Her varied experiences form the foundation for understanding the intricate details of what audiences truly need, want, expect, look for, and value. In the context of successful internal communications, Jessica's question gains significance as she advocates for the same level of diligence internally as we invest in understanding external markets before launching products. This oversight is a missed opportunity within many organizations.
8. Being heard is not about how much noise you make
Jenni Field advocates the mantra "Less is more," urging brevity in communication. All while simultaneously underscoring the significance of empowering employees with choice and prioritizing the audience over approvers. A crucial revelation surfaces in distinguishing between employee engagement and internal communication, while the ongoing challenge of perfecting the hybrid work model is acknowledged.
“There are always competing priorities for communication teams, but focusing on the relationships at work and the outcome you're looking for will always be key.”
The struggle against irrelevant content and channel proliferation, promotes a more quality-centric approach. The indispensable role of repetition, presented diversely, is highlighted by Jenni as a cornerstone for optimal audience understanding. These insights serve as a compass for communication teams navigating evolving workplace dynamics.
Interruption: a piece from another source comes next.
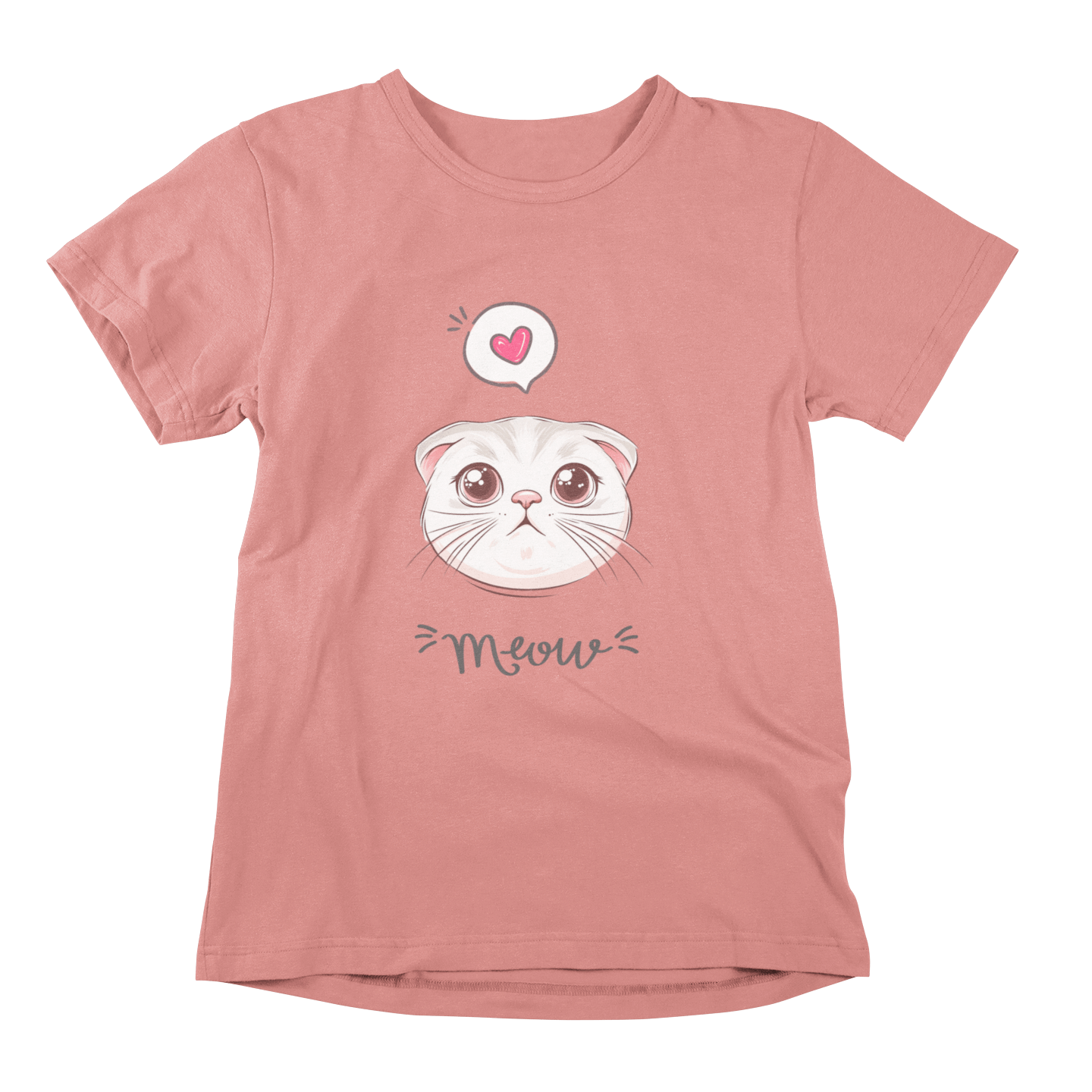 Scottish Fold Meow T-shirt - Cute Cat Love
9. The importance of thoughtful departures
Hebba Youssef underscores the importance of thoughtful departures, urging organizations to plan goodbyes carefully to avoid public drama. Unity, good governance, and mastering the art of saying goodbye are crucial elements in navigating the communication dance.
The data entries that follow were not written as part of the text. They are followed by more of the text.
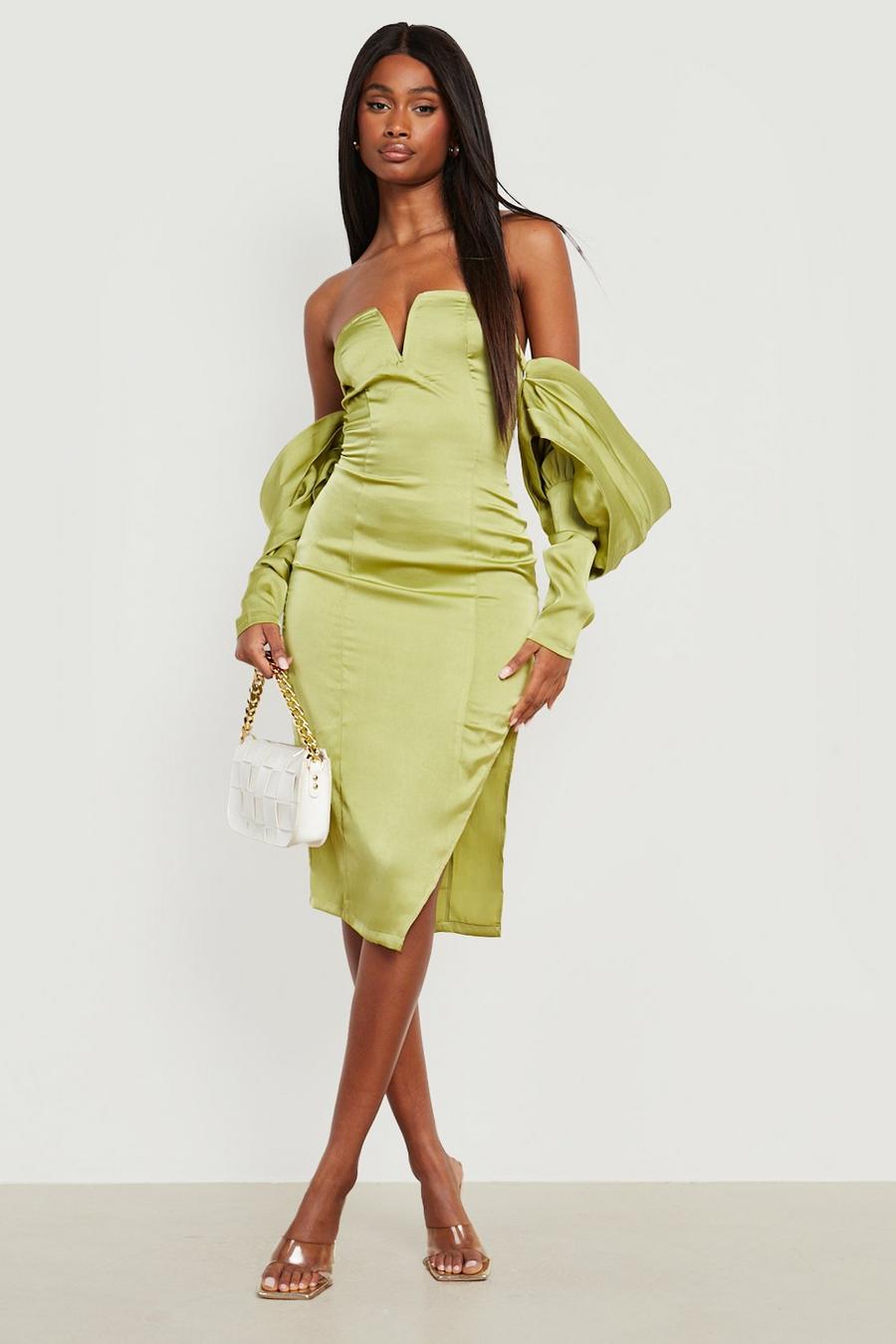 Lime Off The Shoulder Satin Ruched Midi Dress image number 1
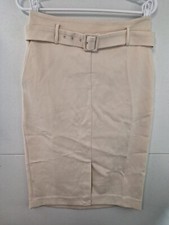 Ann Taylor Factory Women's sz 4 Belted Pencil skirt in Cream NWT 89.99
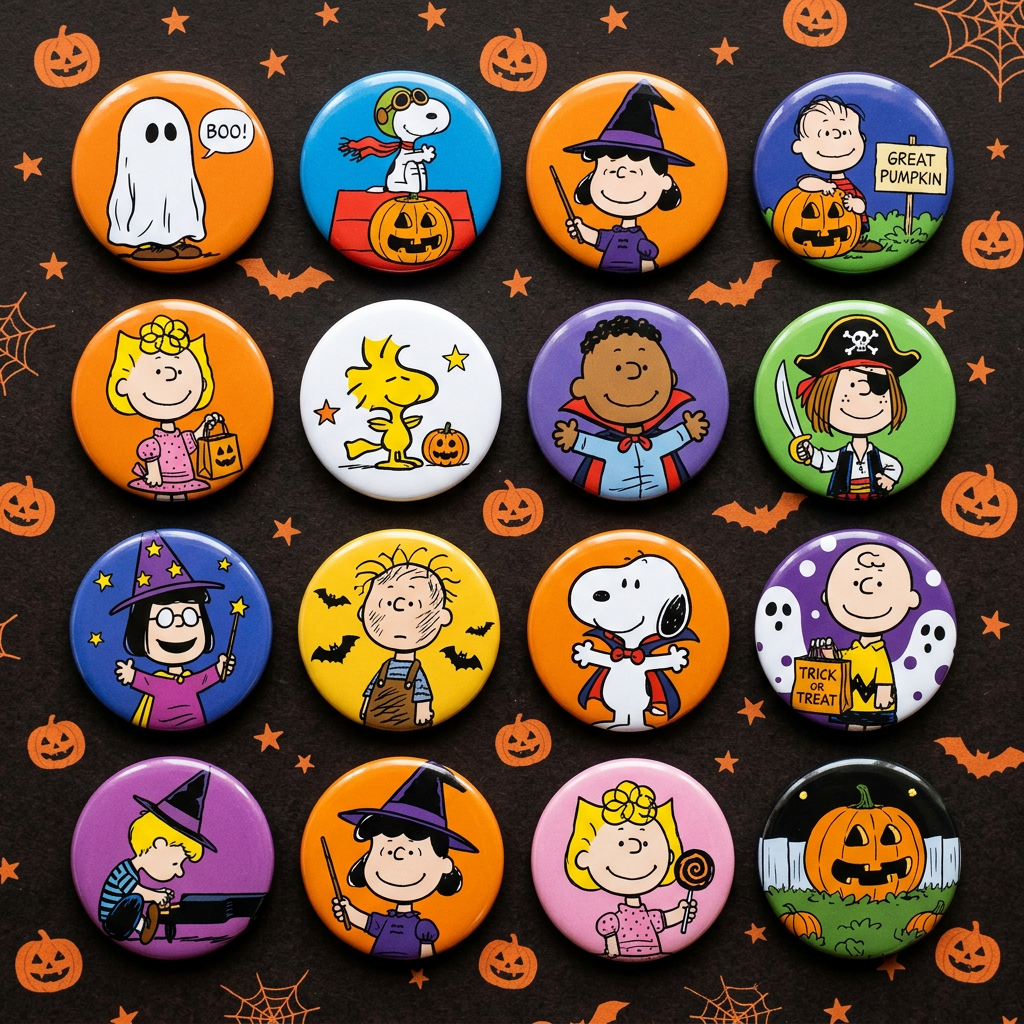 Halloween Theme Collection Pin Button 1.25-inch 16 Pcs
“The lack of proper planning and comms about this type of departure can backfire VERY quickly and VERY publicly. ”
Here's what we can learn from this: Stick together as a team, tackle any board dysfunction head-on for a healthier workplace, and plan those goodbyes carefully to avoid public drama. Keep it short and sweet, be a friendly guide as you navigate the communication dance in today's ever-changing corporate world. Success comes from unity, good governance, and mastering the art of saying goodbye.
10. You’re going to have to get used to posting. A lot
Daren Jennings draws attention to the common thread among generations—being tech natives with a penchant for short-form content. The advice to get used to prolific posting is rooted in the understanding that the modern audience, from Millennials to Gen Z and beyond, is accustomed to consuming information in bite-sized formats. If internal communications are restricted to lengthy newsletters or infrequent long articles, organizations risk losing their audience's attention.
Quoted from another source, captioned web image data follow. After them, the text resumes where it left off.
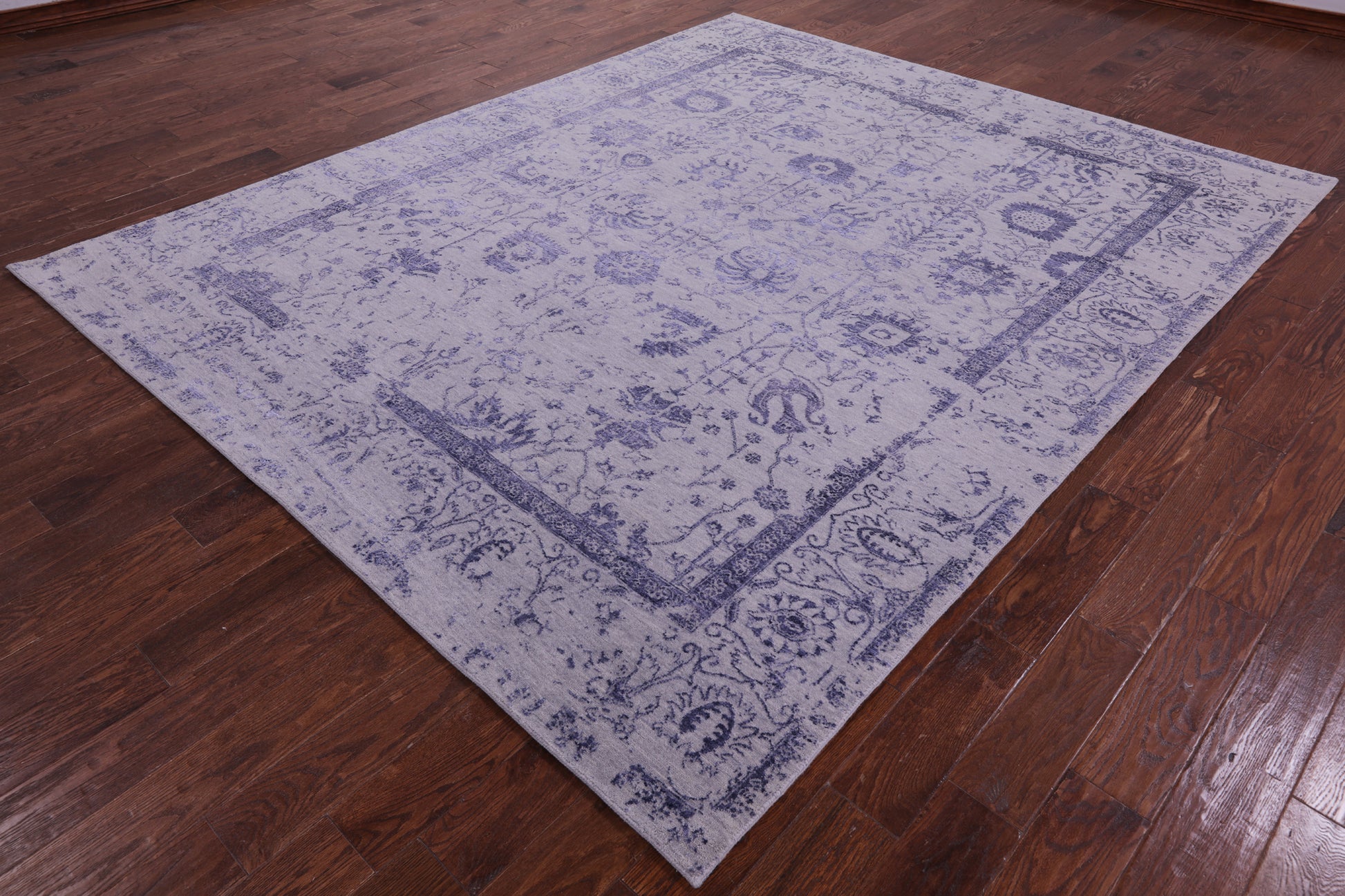 Grey Persian Tabriz Hand Knotted Wool & Silk Rug - 7' 11" X 9' 8" - Golden Nile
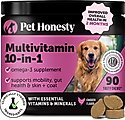 Pet Honesty Multivitamin 10-in-1 Chicken Flavor Glucosamine, Omega-3 Vitamins for Dogs, 90 count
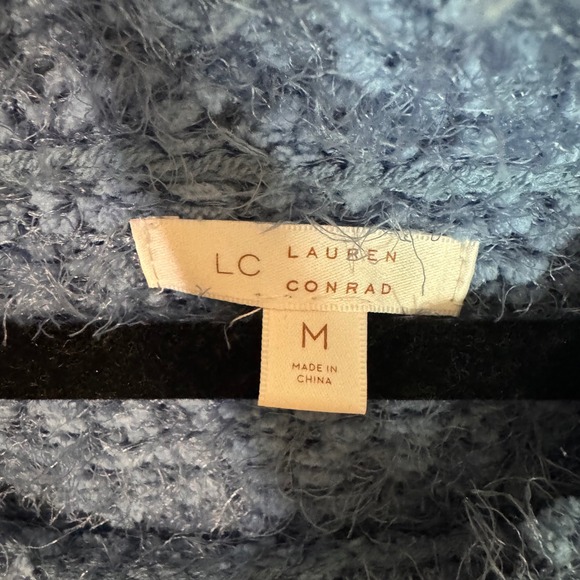 LC Lauren Conrad Blue Fuzzy Knit‎ Pullover Sweater Womens Medium - Picture 5 of 6
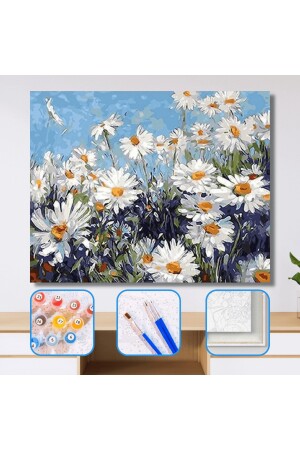 Papatya Tarlası Sayılarla Boyama Seti Çerçeveli Kasnaklı ASW121562388 - kendinyaphobi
First it was the terror of the dreaded Millennials, now it’s Gen Z, in a few years it will be another generation. But what all of these groups have in common is being tech natives who consume a huge amount of short-form content in their personal lives.
To maintain engagement, internal communicators must adapt to the rhythm of frequent and concise content delivery, ensuring that the message resonates with the fast-paced, content-rich environments that define contemporary digital communication.